**ASSIGNMENT**
Report how many lines below contain the word "with". Give only the number.

**WORKING DATA**
·····
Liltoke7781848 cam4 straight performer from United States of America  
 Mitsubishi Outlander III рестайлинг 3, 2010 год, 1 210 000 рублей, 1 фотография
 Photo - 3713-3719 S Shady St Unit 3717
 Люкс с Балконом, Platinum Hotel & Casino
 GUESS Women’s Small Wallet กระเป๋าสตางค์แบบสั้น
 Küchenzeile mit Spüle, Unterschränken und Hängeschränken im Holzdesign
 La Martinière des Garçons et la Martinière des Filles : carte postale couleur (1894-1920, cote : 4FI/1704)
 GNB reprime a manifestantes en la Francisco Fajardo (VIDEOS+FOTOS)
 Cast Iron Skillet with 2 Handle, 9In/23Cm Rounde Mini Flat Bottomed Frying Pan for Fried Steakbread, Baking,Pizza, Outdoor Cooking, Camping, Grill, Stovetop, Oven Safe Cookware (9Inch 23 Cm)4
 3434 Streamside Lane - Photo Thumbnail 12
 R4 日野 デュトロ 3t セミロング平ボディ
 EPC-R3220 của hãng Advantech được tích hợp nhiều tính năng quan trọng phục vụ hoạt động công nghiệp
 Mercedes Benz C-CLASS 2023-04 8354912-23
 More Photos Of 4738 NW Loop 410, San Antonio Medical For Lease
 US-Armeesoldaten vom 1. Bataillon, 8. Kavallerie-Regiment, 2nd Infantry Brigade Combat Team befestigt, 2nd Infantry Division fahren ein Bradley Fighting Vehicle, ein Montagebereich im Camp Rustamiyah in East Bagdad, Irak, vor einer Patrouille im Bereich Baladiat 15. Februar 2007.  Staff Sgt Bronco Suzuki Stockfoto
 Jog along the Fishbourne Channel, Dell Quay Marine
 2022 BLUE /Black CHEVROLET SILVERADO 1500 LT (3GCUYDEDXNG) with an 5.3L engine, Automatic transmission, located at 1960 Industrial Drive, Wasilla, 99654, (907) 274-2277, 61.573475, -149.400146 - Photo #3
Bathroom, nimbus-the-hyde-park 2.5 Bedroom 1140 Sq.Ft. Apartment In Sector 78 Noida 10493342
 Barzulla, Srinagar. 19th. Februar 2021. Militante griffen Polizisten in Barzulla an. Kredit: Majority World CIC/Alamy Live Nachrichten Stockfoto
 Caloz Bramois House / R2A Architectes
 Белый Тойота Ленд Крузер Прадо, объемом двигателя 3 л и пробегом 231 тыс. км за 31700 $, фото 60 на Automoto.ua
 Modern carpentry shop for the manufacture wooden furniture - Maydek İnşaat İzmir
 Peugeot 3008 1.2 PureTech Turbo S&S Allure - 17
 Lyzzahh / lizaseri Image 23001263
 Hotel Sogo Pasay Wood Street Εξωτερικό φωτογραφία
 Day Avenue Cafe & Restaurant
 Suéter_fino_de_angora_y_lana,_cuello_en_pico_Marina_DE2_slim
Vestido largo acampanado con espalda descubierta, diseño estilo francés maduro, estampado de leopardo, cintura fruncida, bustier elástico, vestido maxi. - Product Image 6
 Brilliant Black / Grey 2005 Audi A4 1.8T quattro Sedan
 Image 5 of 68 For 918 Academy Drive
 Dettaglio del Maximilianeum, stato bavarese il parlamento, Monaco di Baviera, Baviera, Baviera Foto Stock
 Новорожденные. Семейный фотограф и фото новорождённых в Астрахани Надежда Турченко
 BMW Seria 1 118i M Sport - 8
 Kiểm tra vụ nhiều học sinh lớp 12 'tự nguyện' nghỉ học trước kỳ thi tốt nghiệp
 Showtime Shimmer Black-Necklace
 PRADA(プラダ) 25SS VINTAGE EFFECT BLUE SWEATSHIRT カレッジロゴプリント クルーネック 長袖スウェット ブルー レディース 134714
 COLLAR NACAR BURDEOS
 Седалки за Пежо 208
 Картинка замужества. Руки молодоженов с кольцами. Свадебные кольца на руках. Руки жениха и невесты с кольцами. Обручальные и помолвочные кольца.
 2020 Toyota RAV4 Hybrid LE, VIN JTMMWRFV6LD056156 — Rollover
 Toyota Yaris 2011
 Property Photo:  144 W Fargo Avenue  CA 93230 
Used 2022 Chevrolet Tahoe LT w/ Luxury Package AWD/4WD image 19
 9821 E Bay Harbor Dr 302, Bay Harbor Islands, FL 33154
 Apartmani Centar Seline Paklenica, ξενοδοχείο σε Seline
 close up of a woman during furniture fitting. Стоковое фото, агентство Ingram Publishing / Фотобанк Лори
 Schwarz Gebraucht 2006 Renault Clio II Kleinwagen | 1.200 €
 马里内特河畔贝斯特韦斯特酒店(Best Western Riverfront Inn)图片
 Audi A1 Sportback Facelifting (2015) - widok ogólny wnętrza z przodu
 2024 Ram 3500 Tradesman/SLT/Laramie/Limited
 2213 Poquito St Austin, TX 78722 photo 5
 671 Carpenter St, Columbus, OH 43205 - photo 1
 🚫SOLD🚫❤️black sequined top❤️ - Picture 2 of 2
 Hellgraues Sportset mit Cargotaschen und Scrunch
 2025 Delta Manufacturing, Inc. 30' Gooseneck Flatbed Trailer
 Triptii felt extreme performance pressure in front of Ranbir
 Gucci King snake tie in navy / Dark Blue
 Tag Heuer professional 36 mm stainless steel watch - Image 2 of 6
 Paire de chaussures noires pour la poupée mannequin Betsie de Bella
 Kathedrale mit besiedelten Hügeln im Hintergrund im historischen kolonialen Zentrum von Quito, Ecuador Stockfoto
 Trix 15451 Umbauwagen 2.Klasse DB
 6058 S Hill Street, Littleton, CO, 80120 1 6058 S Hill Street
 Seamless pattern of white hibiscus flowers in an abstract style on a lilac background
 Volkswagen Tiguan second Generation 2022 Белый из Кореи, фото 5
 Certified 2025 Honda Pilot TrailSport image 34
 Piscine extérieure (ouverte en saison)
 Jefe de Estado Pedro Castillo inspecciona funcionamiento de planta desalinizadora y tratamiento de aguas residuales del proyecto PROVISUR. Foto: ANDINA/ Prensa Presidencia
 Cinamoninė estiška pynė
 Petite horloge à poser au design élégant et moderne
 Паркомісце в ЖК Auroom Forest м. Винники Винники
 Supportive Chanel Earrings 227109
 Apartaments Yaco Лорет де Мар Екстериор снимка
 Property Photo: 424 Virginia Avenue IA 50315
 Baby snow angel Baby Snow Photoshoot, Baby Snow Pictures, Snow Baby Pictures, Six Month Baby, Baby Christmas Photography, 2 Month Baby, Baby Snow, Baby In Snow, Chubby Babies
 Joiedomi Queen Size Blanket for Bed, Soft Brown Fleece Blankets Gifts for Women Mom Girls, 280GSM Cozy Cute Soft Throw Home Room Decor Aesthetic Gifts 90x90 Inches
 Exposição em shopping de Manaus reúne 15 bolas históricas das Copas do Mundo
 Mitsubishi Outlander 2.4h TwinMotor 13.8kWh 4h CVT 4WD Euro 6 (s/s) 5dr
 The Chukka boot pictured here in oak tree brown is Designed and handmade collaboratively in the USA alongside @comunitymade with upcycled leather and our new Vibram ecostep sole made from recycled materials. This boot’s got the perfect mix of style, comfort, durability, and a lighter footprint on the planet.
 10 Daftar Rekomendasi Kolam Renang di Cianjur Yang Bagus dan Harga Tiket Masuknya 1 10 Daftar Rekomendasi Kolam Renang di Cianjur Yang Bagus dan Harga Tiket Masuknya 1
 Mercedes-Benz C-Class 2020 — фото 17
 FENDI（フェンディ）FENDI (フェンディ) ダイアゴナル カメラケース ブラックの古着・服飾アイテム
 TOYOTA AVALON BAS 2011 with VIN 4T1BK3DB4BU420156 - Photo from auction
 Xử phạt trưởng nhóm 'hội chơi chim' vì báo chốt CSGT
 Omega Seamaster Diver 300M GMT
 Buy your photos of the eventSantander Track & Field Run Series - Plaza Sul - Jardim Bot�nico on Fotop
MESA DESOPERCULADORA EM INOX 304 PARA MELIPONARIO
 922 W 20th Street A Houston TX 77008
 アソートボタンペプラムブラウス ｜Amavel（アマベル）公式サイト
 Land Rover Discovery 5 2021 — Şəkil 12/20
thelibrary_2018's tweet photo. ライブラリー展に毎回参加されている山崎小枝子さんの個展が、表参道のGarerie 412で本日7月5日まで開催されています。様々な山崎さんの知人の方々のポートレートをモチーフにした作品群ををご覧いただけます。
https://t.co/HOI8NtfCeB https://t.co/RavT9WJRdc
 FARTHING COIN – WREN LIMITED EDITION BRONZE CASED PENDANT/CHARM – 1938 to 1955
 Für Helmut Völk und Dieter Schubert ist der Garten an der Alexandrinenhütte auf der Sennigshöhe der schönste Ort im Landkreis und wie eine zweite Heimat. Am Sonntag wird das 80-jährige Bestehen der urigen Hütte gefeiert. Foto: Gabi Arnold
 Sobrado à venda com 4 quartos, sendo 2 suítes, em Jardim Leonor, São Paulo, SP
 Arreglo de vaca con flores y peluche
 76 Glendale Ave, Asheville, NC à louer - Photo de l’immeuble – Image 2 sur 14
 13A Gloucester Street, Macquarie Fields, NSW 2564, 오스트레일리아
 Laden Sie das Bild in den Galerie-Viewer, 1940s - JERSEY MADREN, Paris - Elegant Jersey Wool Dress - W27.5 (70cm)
·····
**REPLY TO THE EXERCISE**
4